I've been using the es hadoop package for Spark over the past 6 months and I've never been able to sustain a bulk indexing rate over 70k doc per second.
Six months ago with Spark 1.6 and ES 2.4 we had an indexing rate from 10k to 20k. This cluster has dedicated master and client nodes(m3.large) with 6 data nodes ( c3.2xlarge ). This marvel graph shows our indexing rate from one of our test.
Since then we have updated to emr-5.2.0 with Spark 2.0 and es-hadoop to 5.1.1 as well as Elasticsearch 5.2.0. However we have discovered a glass ceiling of ~70k docs indexed per second.
Many of the bulk loading articles state that you need to start off with one node, shard and Spark partition to understand your base line performance. We ran over 30 test and discovered our optimal rate is ~73k per sec with two nodes. Adding nodes simply decreased performance. Here are those test.
So our next test would use a cluster with dedicated master, ingest and data nodes.

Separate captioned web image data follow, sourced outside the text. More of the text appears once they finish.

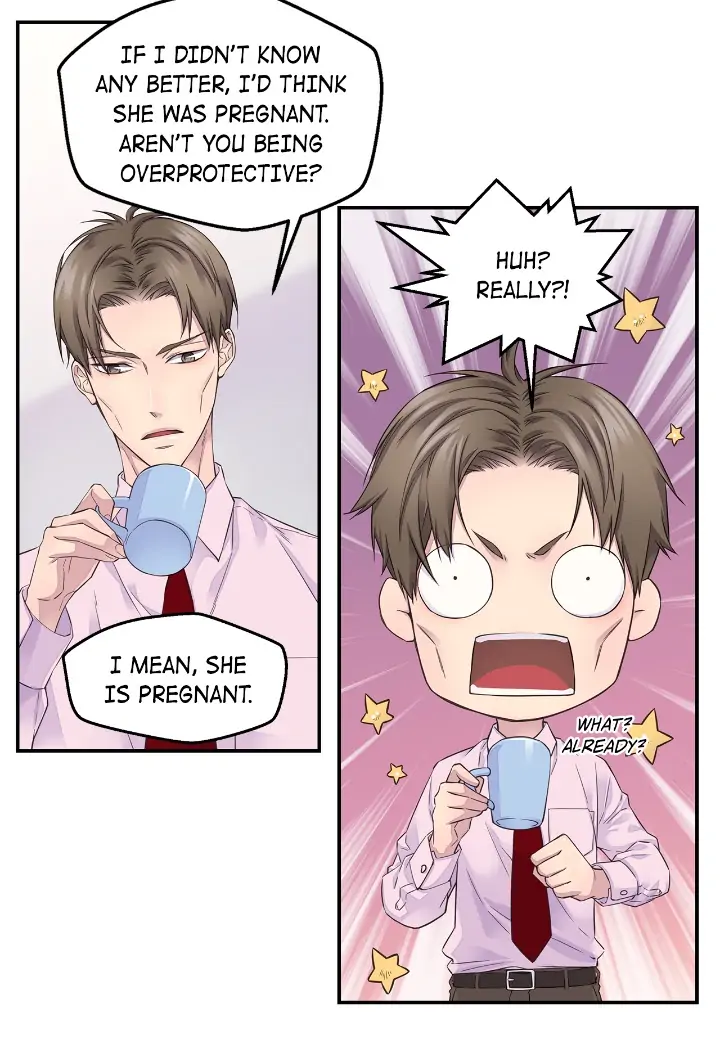 Fiery Enemies Chapter 57 - Page 7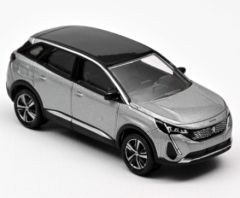 NOREV310916 - Voiture de 2020 grise – PEUGEOT 3008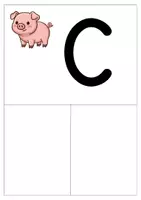 Aperçu - Apprentissages en autonomie - Alphabet évolutif - Page 3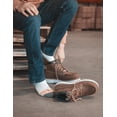 thumbnail image 2 of Calcetines Timberland PRO Sorbtek para hombre, control de humedad, paquete de 6 pares, 2 of 4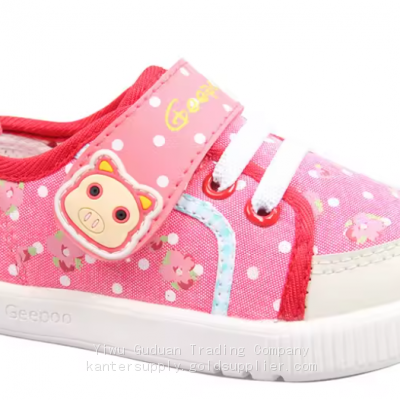 Classical Style Girls Boys Rubber Sole Sport Shoes Baby Kids Casual Designers Shoes Sneakers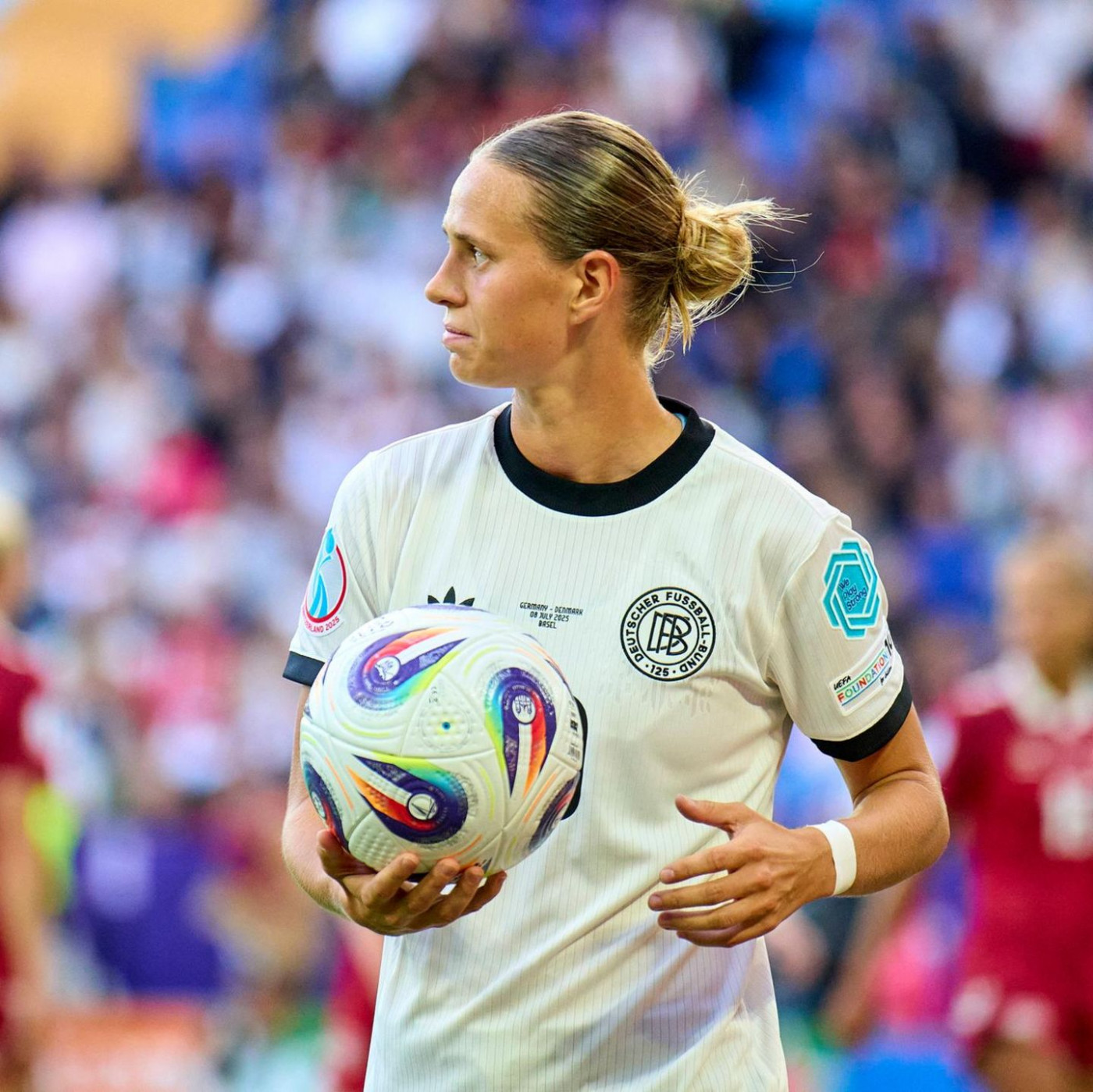 DFB-Frauen schon weiter – warum das letzte Gruppenspiel trotzdem wichtig ist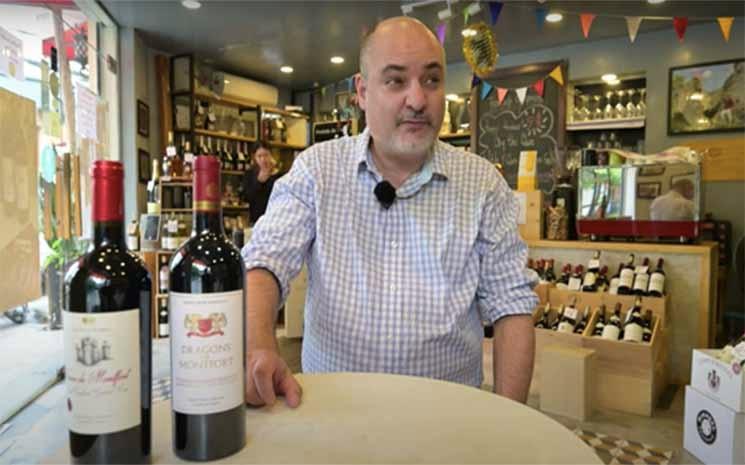 Grégoire, expatrié francais a Phnom Penh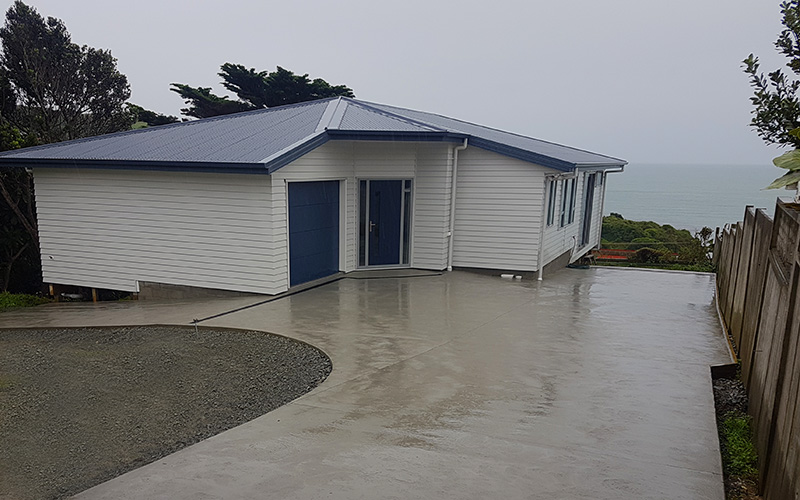 Quality Construction Ltd. Experienced Porirua builders for small and large new home builds. We specialise in delivering high quality new homes tailored to your lifestyle, budget, and vision. Servicing Porirua and the Northern Wellington regions.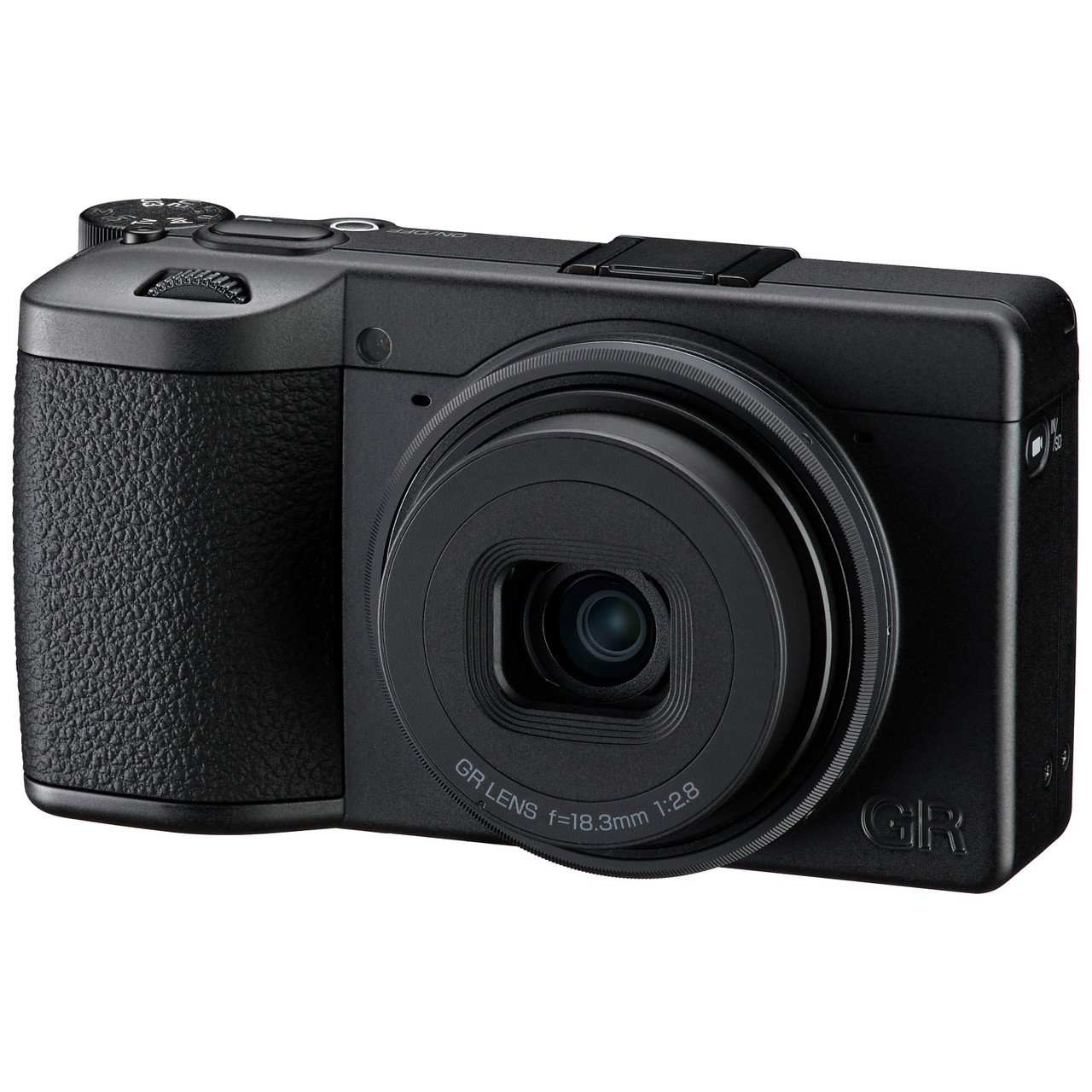RICOH GR IV MONOCHROME (PRE-ORDER DEPOSIT ONLY)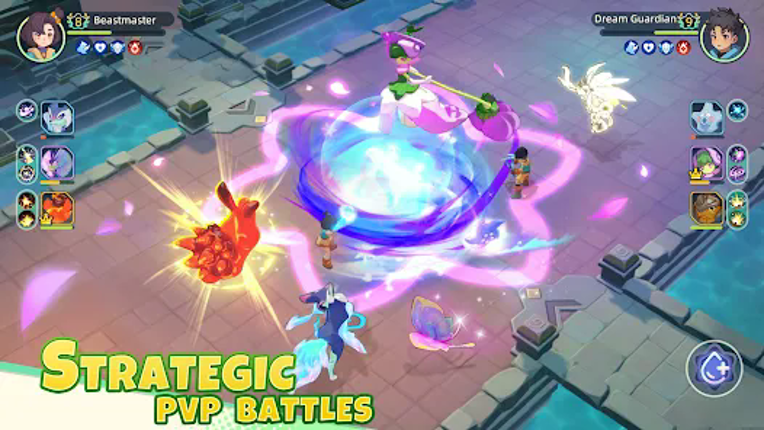 Dreamio GO! screenshot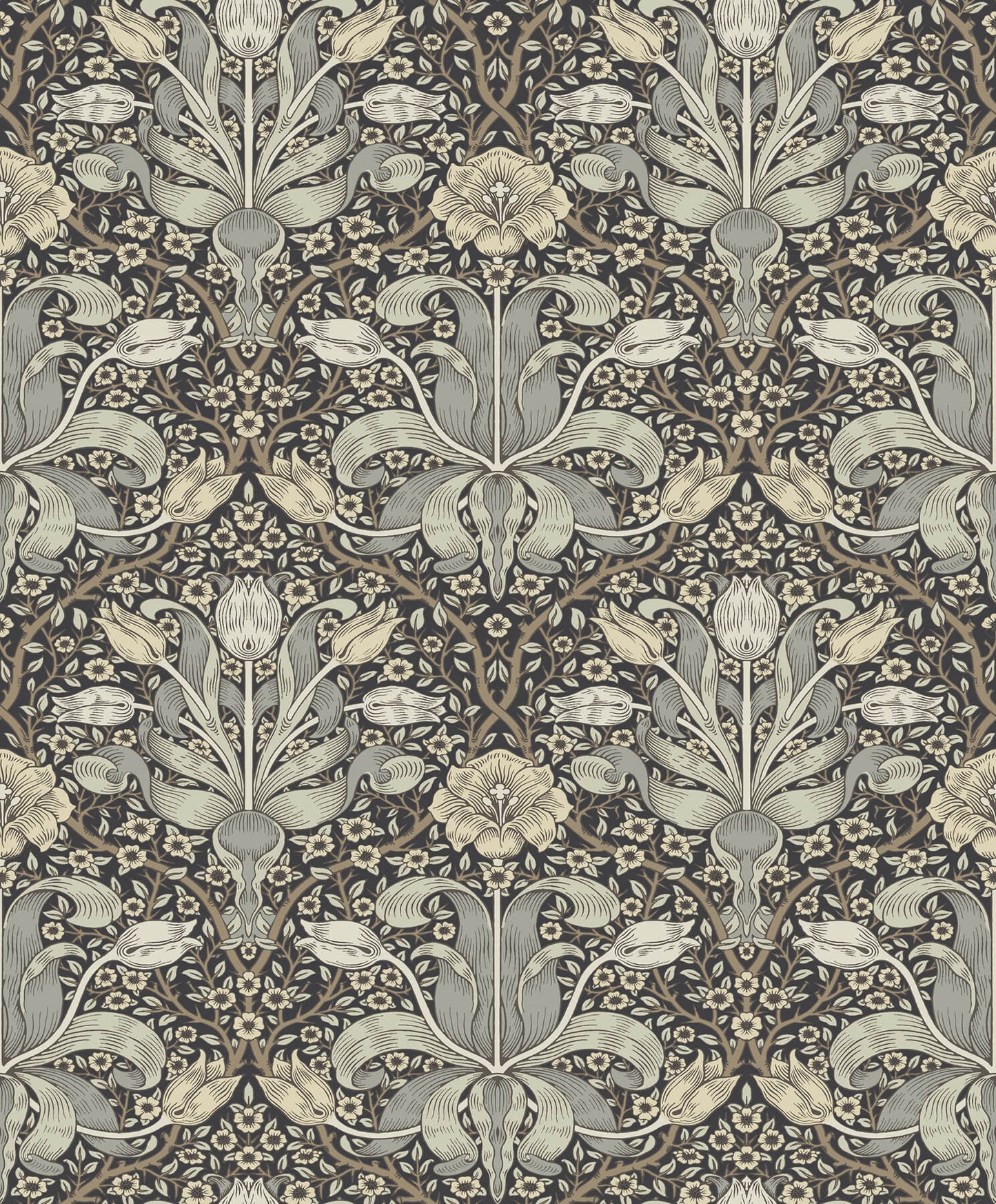 A-Street Prints Hidden Treasures 2 Collection Wallpaper - SAMPLE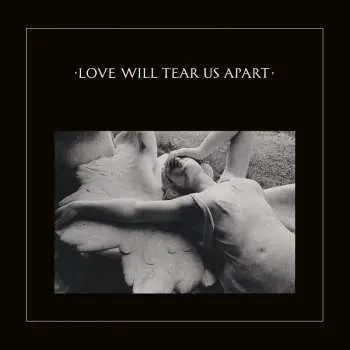 Joy Division: Love Will Tear Us Apart LP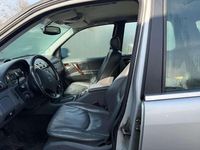 Gebraucht Mercedes ML320 218 PS (160 kW) 1999 Silber SUV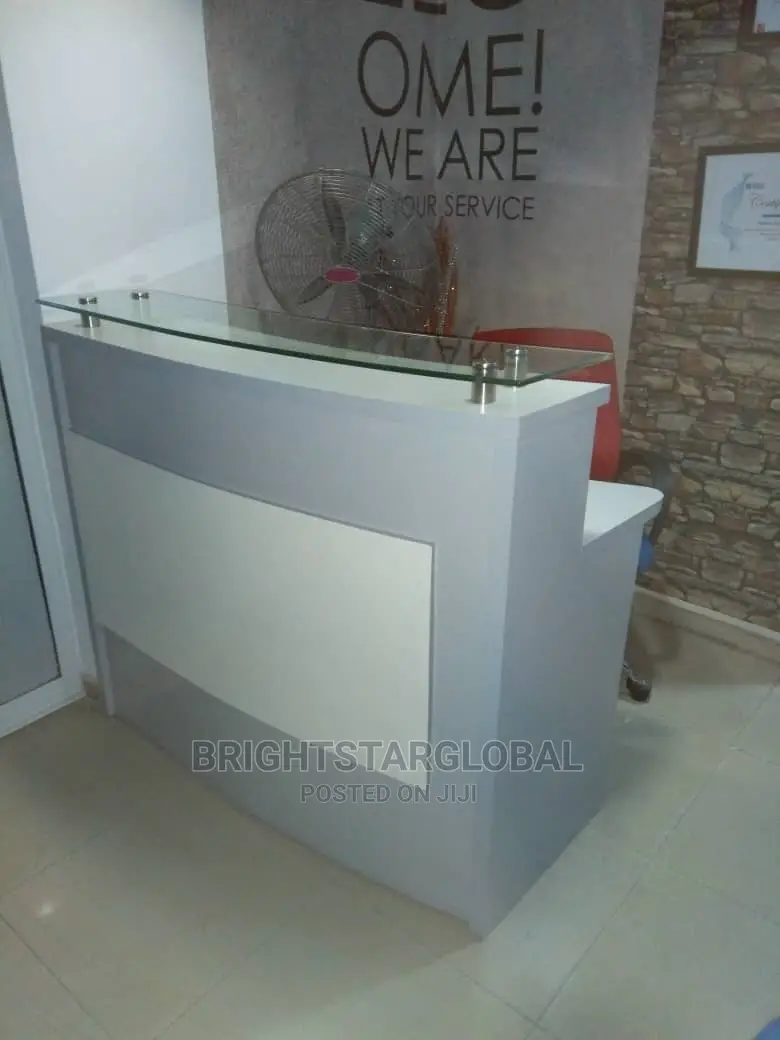 High Quality Office Reception Table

We're using i2.2xlarge for all of them for the purpose of this test.
During bulk loading the 5 ingest nodes show relatively high spikes in CPU but the 15 minute load average is around 1.5. The data nodes have a higher level of cpu usage 60-80%. I'm also monitoring I/O wait times with sysstat sar and I never see i/o waiting time.
So the bottleneck isn't disk I/O and appears to be CPU. Separating ingest from data nodes helps scale these out independently and it's looking like we need more ingest than data nodes.
However, every time we scale the cluster and attempt to push more data over from Spark we end up getting the same indexing rate.
Other notes:
- We ensure shards are evenly distributed across the nodes
- We have tested the number of shards per node but that has very little effect on performance
- We have been controlling Spark parallelism with dataFrame repartitioning. I believe that is working well.
- We verified that I/O on the Spark side was not an issue.
- On the Spark side we are running 10x r3.2xlarge nodes
- I recently ran a cluster with 11 Spark nodes, 5x ingest, 2x master and 10x data nodes with the same results.
So I'm curious if other people are getting better indexing performance than us?